Dylan riceveva diverse occhiate e commenti sul suo fisico, su quanto fosse bello o su quanto io e lui stessimo male insieme. Lui così alto, così possente, e io così bassa e piena di curve nei punti sbagliati. Lui così ordinato, e io sempre in preda alla confusione e al disordine. Lui così bello, e io così... me.

Ma avevo imparato a lasciar scivolare via ogni parere inutile. Non mi interessava più quello che pensava la gente di me. Avevo sofferto abbastanza, e quello era il mio momento per essere felice, e non lo avrei perso per nulla al mondo.

«E' ora di mollarci, riccioli d'oro.» disse Dylan di tutto punto. Lo guardai in preda al panico, mi guardai intorno... e capii che eravamo arrivati davanti alla mia aula di psicologia.

«Promettimi che domani salteremo le lezioni. Almeno per una volta.» sospirai.

«Va bene, Jane. Ora entra e fai la brava.» mi fece l'occhiolino.

Alzai gli occhi al cielo, feci per entrare in aula, ma lui si schiarii la voce dietro di me.

«Che c'è?» sbuffai.

«Vorrei un bacio dalla mia ragazza.»

Glielo diedi, e il contatto con le sue labbra mi fece venire i brividi in tutto il corpo. E ammetto che anche sentire uscire dalla sua bocca la parola «ragazza» mi fece sorridere involontariamente.

«Dannazione siamo in un luogo pubblico, un minimo di rispetto!»

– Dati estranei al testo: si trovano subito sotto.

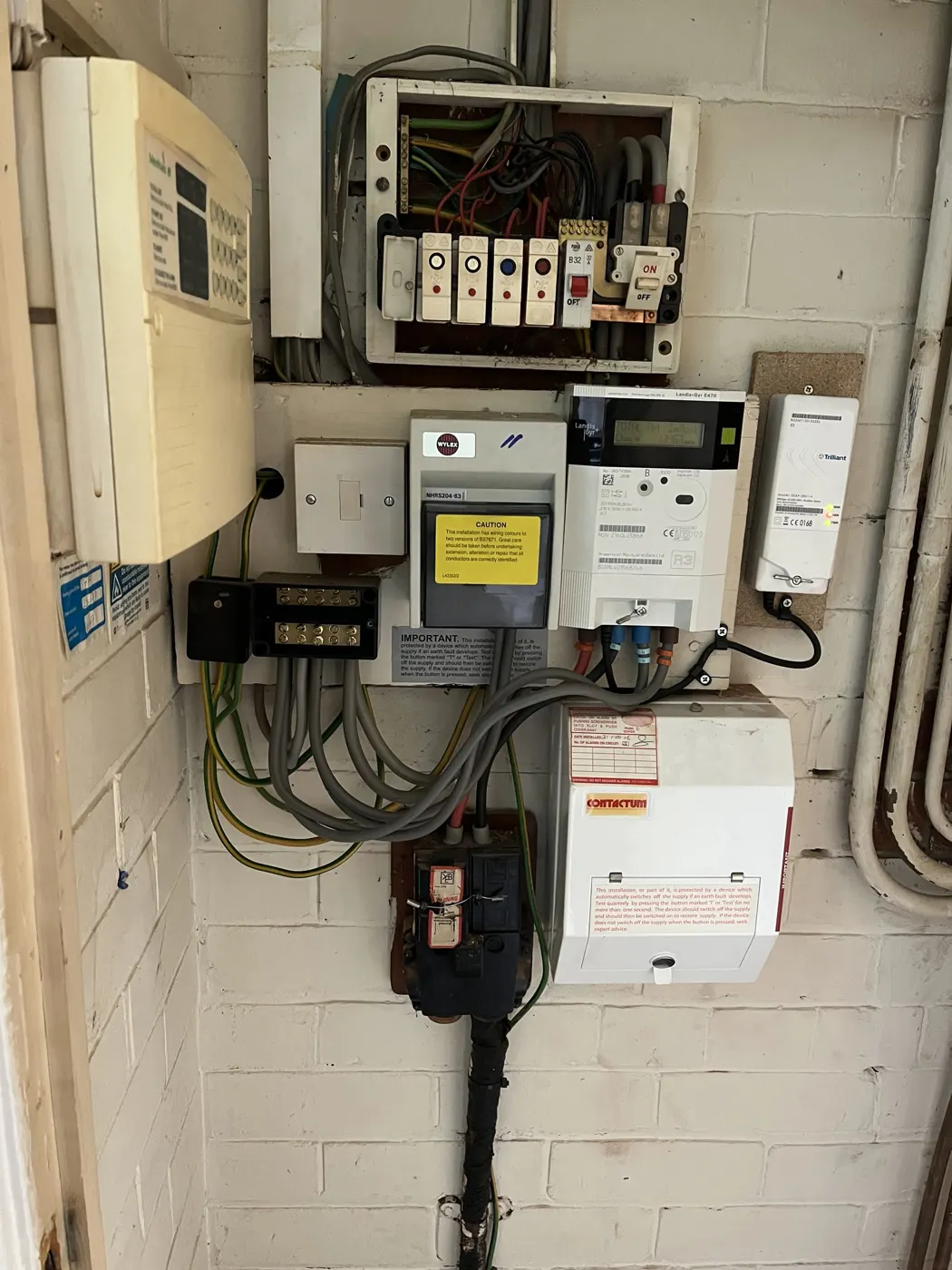 Old rewireable-fuse board and separate RCD unit beside the meter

Io e Dylan sobbalzammo, e non appena vedemmo Vanessa sbuffare, scoppiamo a ridere.

«Scusatela, ma è davvero in ansia per Malcom. Non le ha dato ancora una risposta.»

«Oh già, il bel cameriere. Non si è fatto ancora vivo?» le chiesi sghignazzando.

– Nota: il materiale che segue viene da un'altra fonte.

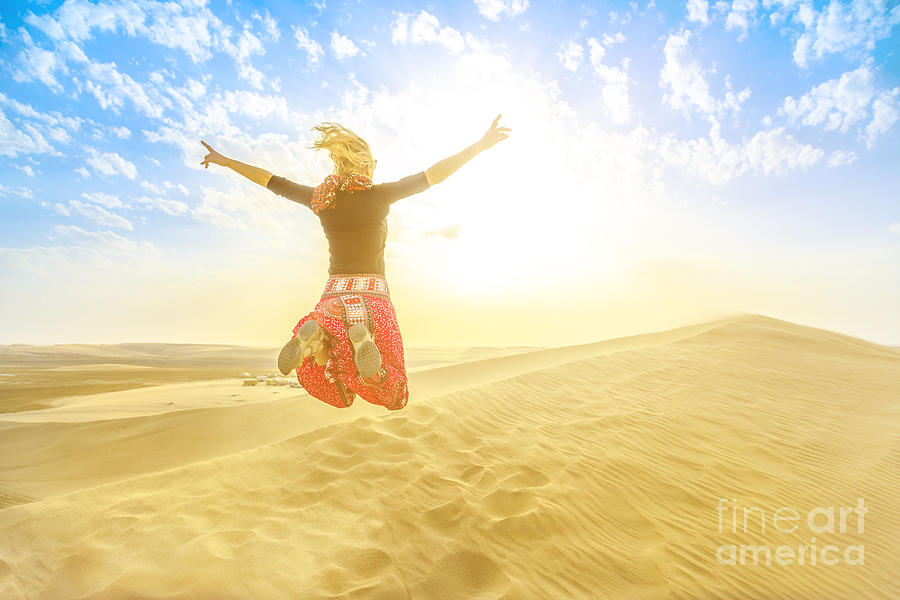 Woman jumping in Qatar desert Photograph by Benny Marty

«Non si è fatto vivo?! Maledizione, non gli ho scritto io quel dannato bigliettino. Dio, che imbarazzo.» si coprì gli occhi con la mano. «Sarà meglio che entri.»

Shana rimase ferma a guardarci con uno strano sorriso. «Sapevo che sareste capitati di nuovo insieme.» disse, prima di scomparire dentro la classe.

Io sorrisi, e Dylan mi strinse la mano guardandomi di traverso. «Bel cameriere? Davvero?»

«Sì Dylan, bel cameriere.» sorrisi, «solo perché è bello, non significa che sia te.» lo baciai, ed entrai in aula, certa di aver lasciato Dylan abbastanza sbigottito dalla mia improvvisa dolcezza.

***

«E così hai deciso di rinunciare?» chiesi a Colton, ancora scioccata dalla sua affermazione.

«Sì, Jane. Sì. Non è quella la mia strada.»

«Ma se sei bravissimo!»

«Anche tu sei bravissima a ballare, ma non è quello che vuoi fare.»

In effetti, aveva ragione.

«Sì... forse hai ragione.»

«Sono arrivate le pizze!» urlò Avril dal balcone. Stranamente, aveva una nuova passione: prendersi cura delle piante. Non sapevo avesse il pollice verde.